In the past I installed Ubuntu 14.10 LTS as a dual-boot system.
It was working ok, until I decited to remove it.
I deleted the Ubuntu partitions and merged them with my Windows partition.
Everything is working fine, except when I check the Boot Menu inside the BIOS, there is still a value considering Ubuntu.
http://i.imgur.com/xo9tF82.jpg
I followed this guide: https://askubuntu.com/questions/63610/how-do-i-remove-ubuntu-in-the-bios-boot-menu-uefi but the value is still remaining there. Is there a way to completeley remove it without loosing the values that point to my Windwows system.
My Laptop is a Lenovo G50-70
Thank you in advance!
Boot a live Linux cd using legacy, have a USB stick with you.

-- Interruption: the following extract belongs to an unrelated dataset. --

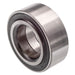 Wheel Bearing PTC PTB39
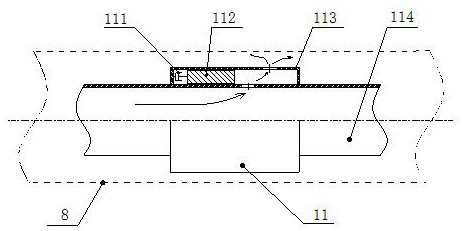 sagd horizontal well uniform steam injection string and technology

Run lsblk to find out where your efi partition is
$ lsblk
Mount that efi partition and your USB stick to 2 separate folders (replace sda1 with the path of your efi partition and sdb1 with the path of your USB.
$ mkdir /mnt/usb
$ mkdir /mnt/efi
$ mount /dev/sda1 /mnt/efi
$ mount /dev/sdb1 /mnt/usb
Cd into the EFI folder of the efi partition
$ cd /mnt/efi/EFI
Move the folder "ubuntu" into the USB so you can restore it if something goes wrong
$ mv ubuntu /mnt/usb
Done!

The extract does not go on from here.